Twilight Zone – Long Live Walter Jameson

★★★★1/2  March 18, 1960 Season 1 Episode 24

If you want to see where we are…HERE is a list of the episodes.

How would you like to live thousands of years? Mr. Jameson was given that option that many of us would love to have…but it’s not without it’s downfalls. Like the episode “Escape Clause” this episode explores immortality except in this one the main character is sophisticated but can be just as selfish. Even with his considerable life experiences some things don’t sink in.

Compared to shows in 2021 this episode is paced slow but that is a great thing. The story has room to breathe and is laid out in front of us. Living forever looks great on paper but in real time it would be hard to lose people you love over and over again… and lose yourself in parts and pieces in the process.

This is a great episode and an interesting view on immortality.

This episode deals with immortality. The entire cast all lived exceptionally long lives. Kevin McCarthy lived to be 96, Estelle Winwood was 101 when she passed away, Edgar Stehli passed away shortly after turning 89, and Dodie Heath turned 90 in August of 2018.

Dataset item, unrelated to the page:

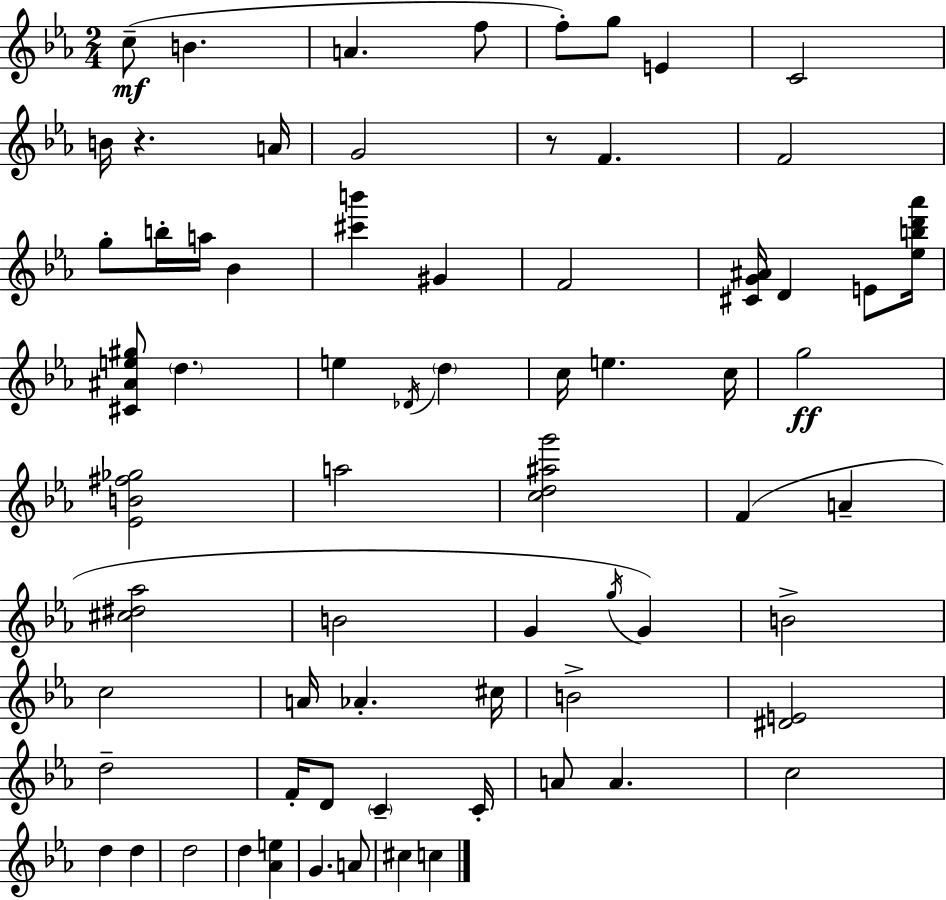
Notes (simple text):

McCarthy died September 11, 2010 at the age of 96, having earned an acting credit as late as the year he died, more than 50 years after this episode was produced.

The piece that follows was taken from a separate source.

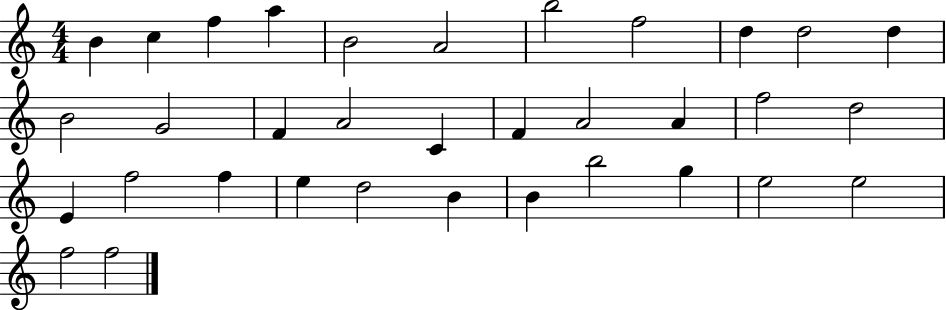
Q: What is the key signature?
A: C major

This show was written by Charles Beaumont

Rod Serling’s Opening Narration: 

You’re looking at Act One, Scene One, of a nightmare, one not restricted to witching hours of dark, rainswept nights. Professor Walter Jameson, popular beyond words, who talks of the past as if it were the present, who conjures up the dead as if they were alive…In the view of this man, Professor Samuel Kittridge, Walter Jameson has access to knowledge that couldn’t come out of a volume of history, but rather from a book on black magic, which is to say that this nightmare begins at noon.

Summary

Walter Jameson is a successful history professor. He’s been teaching for 12 years and has proven to be very popular with his students for his ability to bring his subject to life. He is engaged to Susanna Kittridge, his good friend Professor Sam Kittridge’s daughter. One thing that Professor Kittridge has noticed about Walter is that he doesn’t seem to have aged one bit in the 12 years they have known each other. Walter admits that he is far older than anyone can imagine but before he and Susanna can elope, someone from his past pays him a visit.

Rod Serling’s Closing Narration:

Last stop on a long journey, as yet another human being returns to the vast nothingness that is the beginning and into the dust that is always the end.

CAST

Rod Serling … Narrator (voice) (uncredited)
Kevin McCarthy … Prof. Walter Jameson / Tom Bowen / Maj. Hugh Skelton
Edgar Stehli … Professor Sam Kittridge
Estelle Winwood … Laurette Bowen
Dodie Heath … Susanna Kittridge (as Dody Heath)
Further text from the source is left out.